Le prolifique Pniewski réalisa nombre d’autres édifices institutionnels, certains achevés et modifiés après son décès, dont la nouvelle Banque Nationale. Ici il tenta une troisième voie entre l’historicisme stalinien et la modernité nationale. De croissantes coercitions esthétiques l’obligèrent à une conception presque maniériste, avec des tourelles octogonales couronnant les escaliers prévus. Choix tributaire des coupoles baroques italiennes, déjà expérimenté au Sénat. Cela entre citation assumée et compromis avec l’oppressant climat d’un pays sous influence stalinienne… Une de ses dernières créations, le Centre des Archives, réussit mieux à imposer des volumes géométriques purs et des escaliers efficaces – où l’abstraction formelle s’impose avec plus d’harmonie.

De fait, Pniewski appartint à cette catégorie de créateurs creusant leur sillon malgré une position paradoxale.
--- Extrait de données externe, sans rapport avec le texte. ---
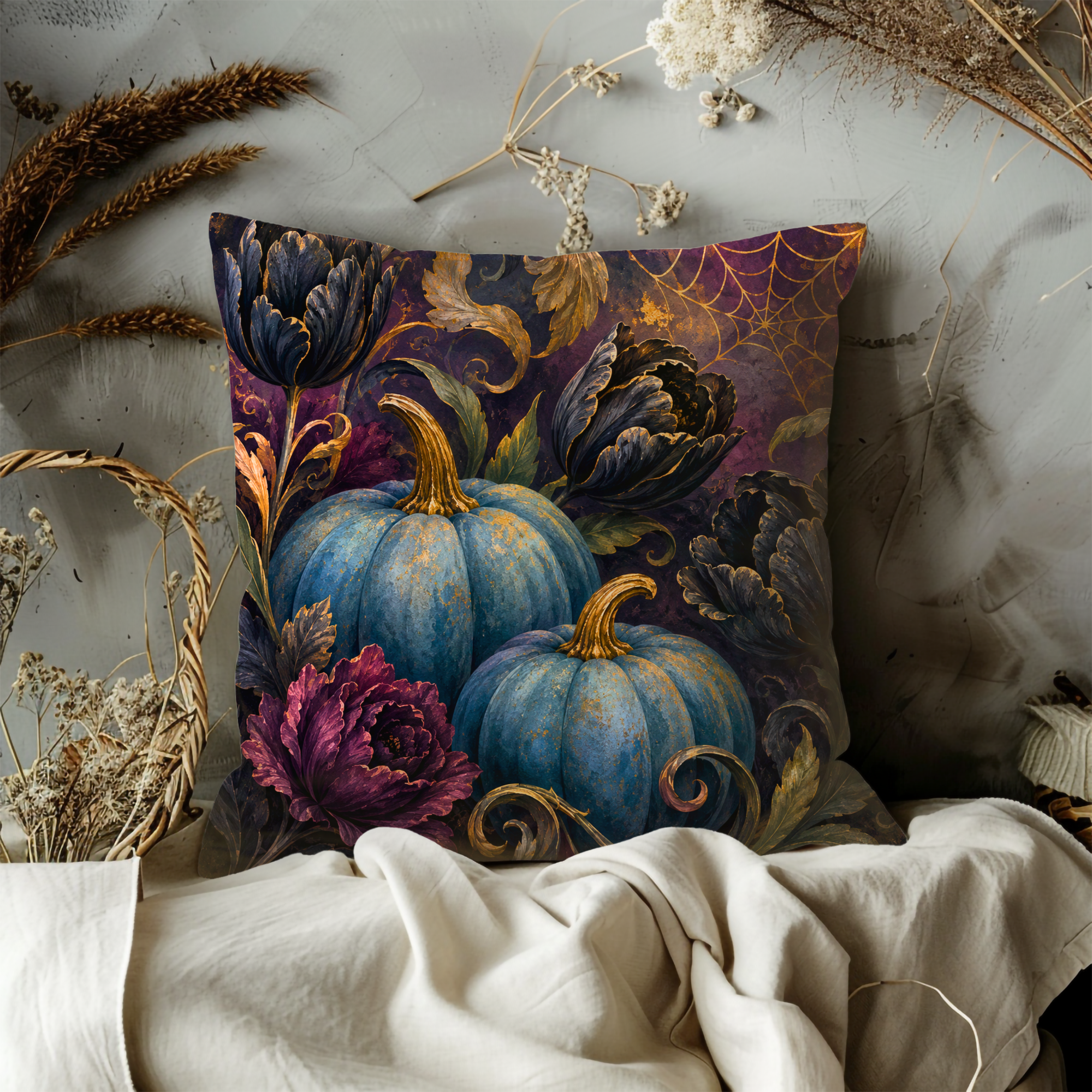Blue Pumpkin Floral Pillow Cover | Elegant Fall Art
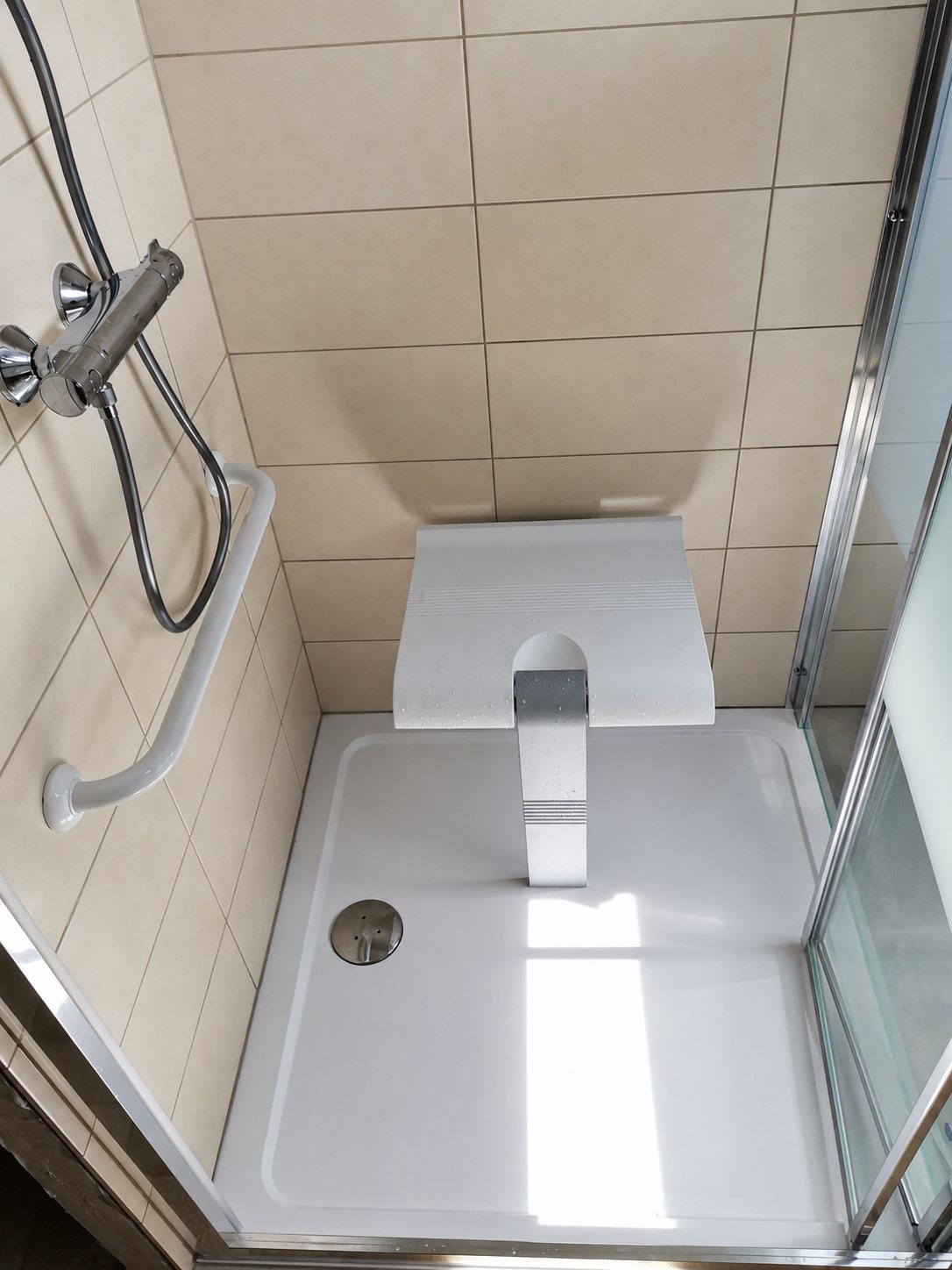 Vue de dessus d'une douche carrelée beige équipée d'un siège rabattable blanc, d'une barre d'appui et d'un receveur extra-plat.
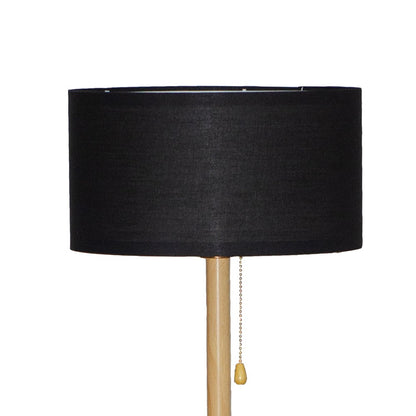 Lámpara de pie Olivia fabricada en madera, metal y tela color negro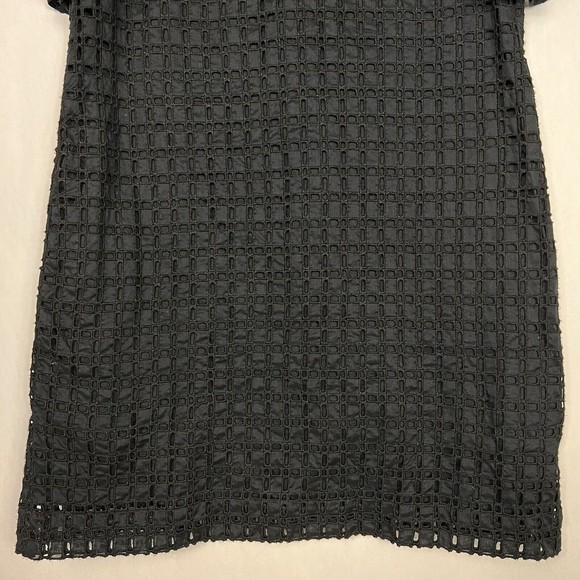Banana Republic Shift Dress Womens Black 10 Eyelet Meshed Lined Flutter Sleeves - Picture 8 of 13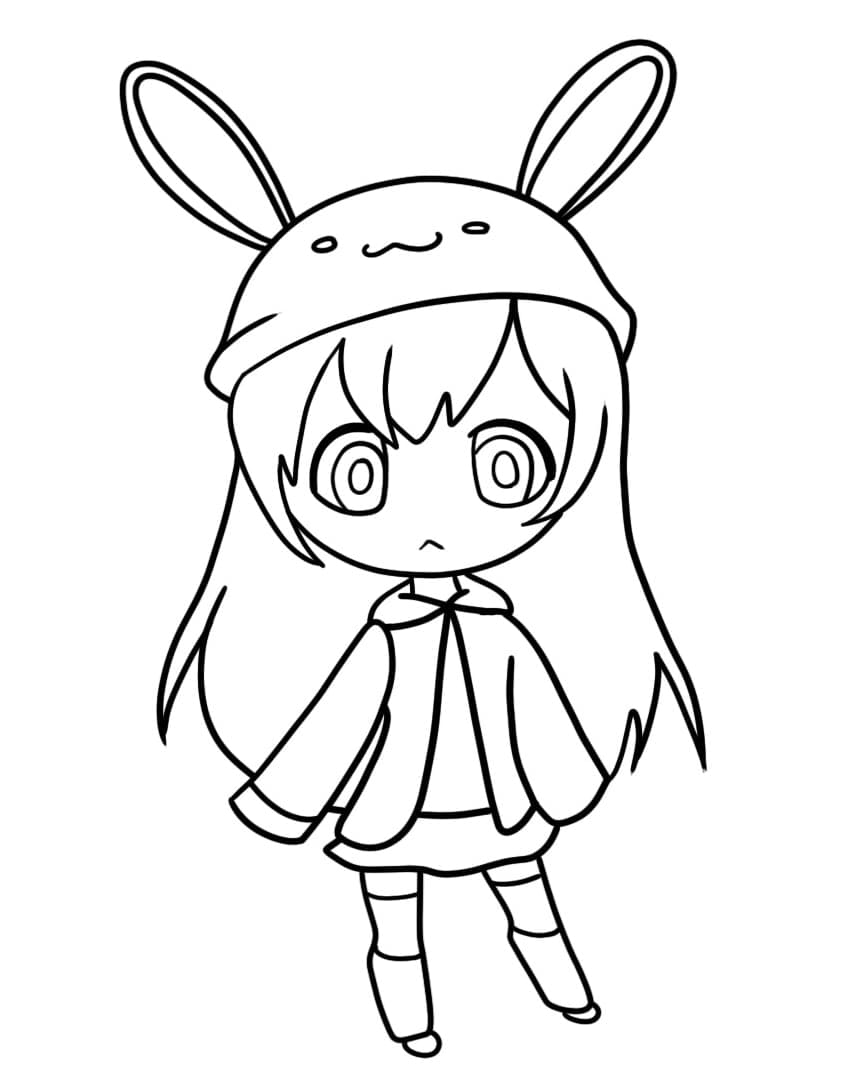 Coloring page Chibi Anime girl in full growth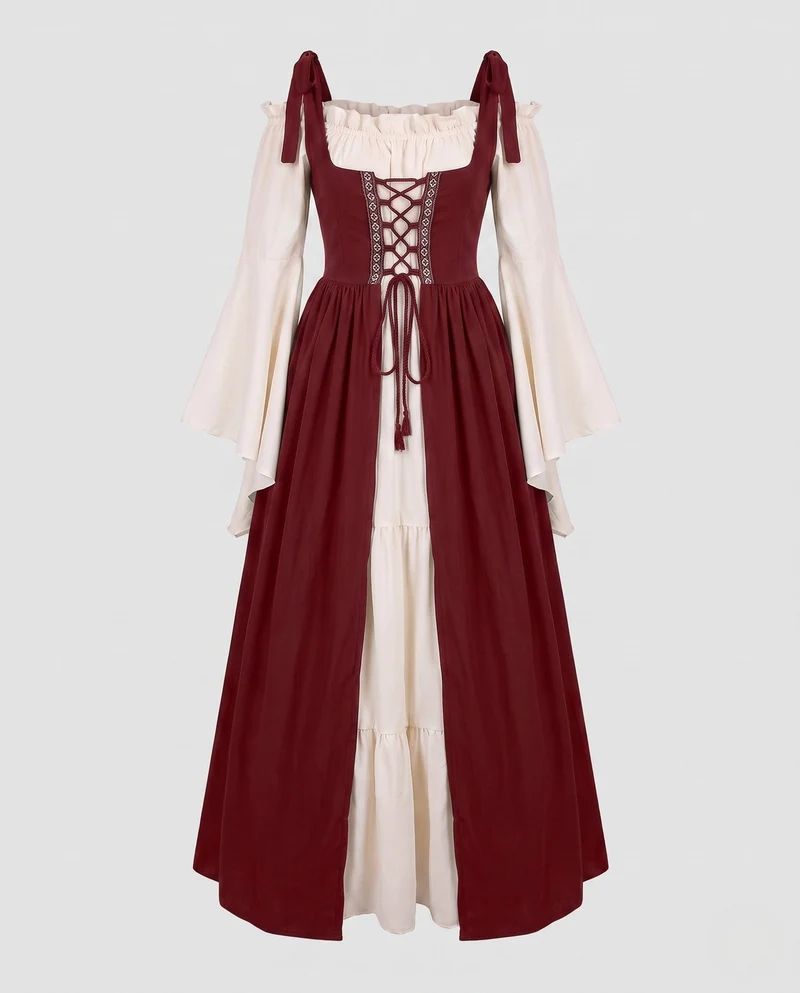 Damen Mittelalterkostüm mit elegantem Schnitt und historischen Akzenten Nord Taschen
Acclamé sous la république, contesté par les communistes, favorisé ou marginalisé, attentif à l’actualité ou faisant face aux pressions, il resta néanmoins fidèle à ses propres choix architecturaux. S’il servit toujours le pouvoir, il ne fut jamais un courtisan servile. Précaire équilibre, entre Charybde et Scylla. Dans toutes ses œuvres l’architecte imagina des escaliers virtuoses, souvent sur des dispositifs spatiaux similaires, cherchant visiblement à raffiner une série d’idées créatrices proches.

Voici qui semble même obsessionnel, presque l’équivalent en pierre et béton de l’expression française « l’esprit de l’escalier ». En d’autres termes : poursuivre un dialogue initié auparavant, lui trouvant de nouvelles répliques plus imaginatives. Sans doute est-ce là l’essence profonde du travail architectural : creuser des conceptions existantes ou personnelles, pour leur donner in fine une forme réinventée parfaite. Approche dont les marches de Pniewski seraient la quintessence.